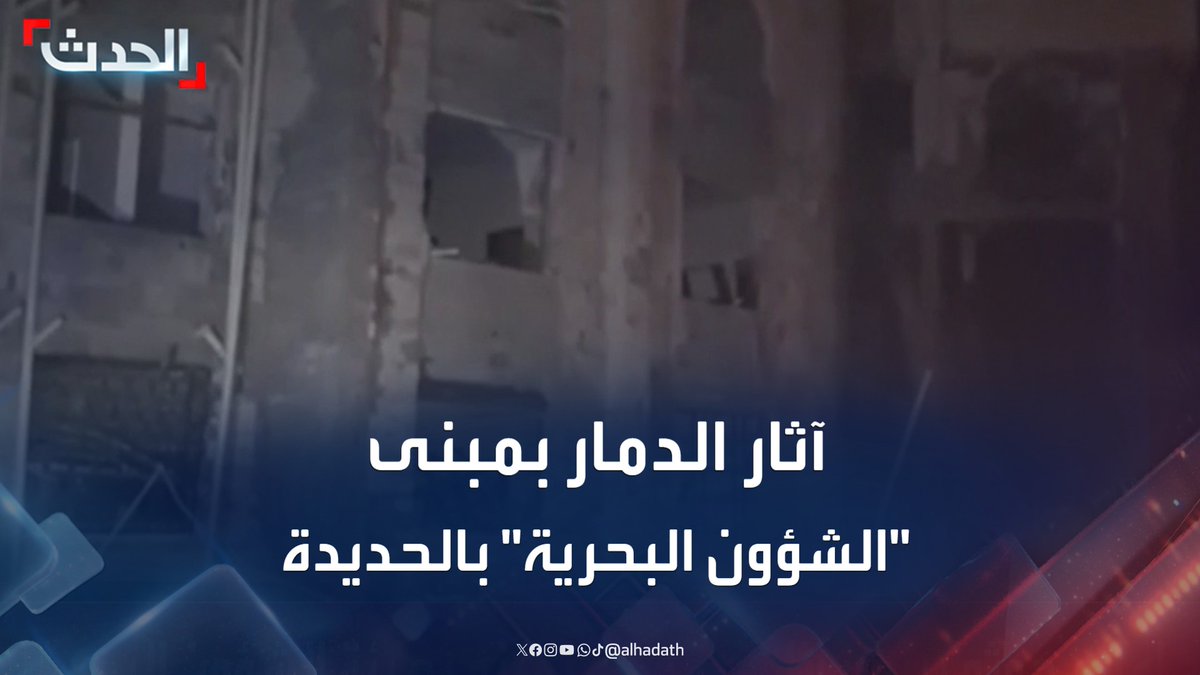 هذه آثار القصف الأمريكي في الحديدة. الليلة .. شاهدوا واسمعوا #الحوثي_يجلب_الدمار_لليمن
::::
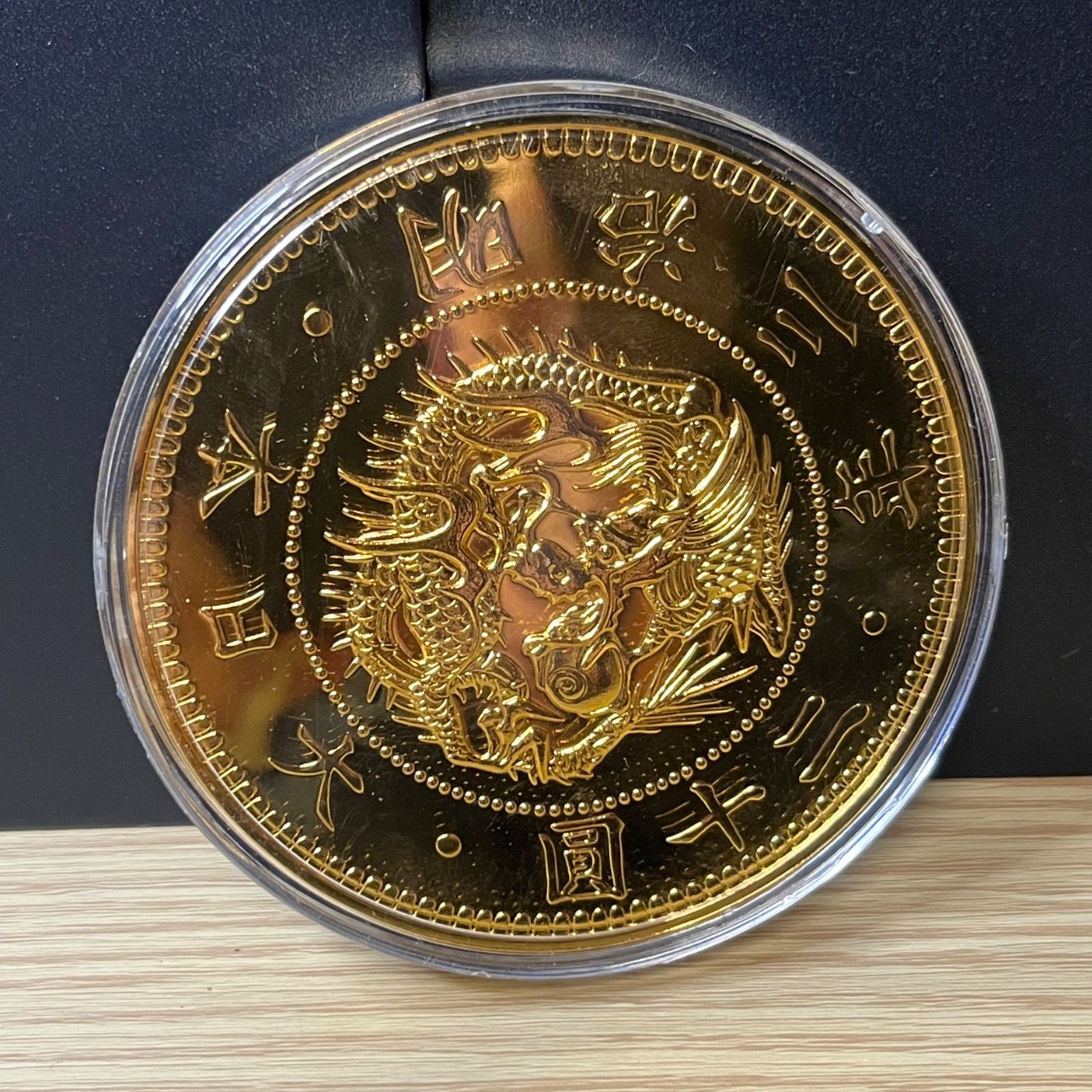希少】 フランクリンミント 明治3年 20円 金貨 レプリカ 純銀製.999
::::
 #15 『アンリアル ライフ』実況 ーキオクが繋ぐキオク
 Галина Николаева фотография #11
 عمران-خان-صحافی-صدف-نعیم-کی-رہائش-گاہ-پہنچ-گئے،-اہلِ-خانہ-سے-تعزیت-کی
::::
> **Directions**
In the listing above, find the line with "#15 『アンリアル ライフ』実況 ーキオクが繋ぐキオク" and the line with "عمران-خان-صحاف", then reproduce both and every line between them exactly.

> **Problem solution**
 #15 『アンリアル ライフ』実況 ーキオクが繋ぐキオク
 Галина Николаева фотография #11
 عمران-خان-صحافی-صدف-نعیم-کی-رہائش-گاہ-پہنچ-گئے،-اہلِ-خانہ-سے-تعزیت-کی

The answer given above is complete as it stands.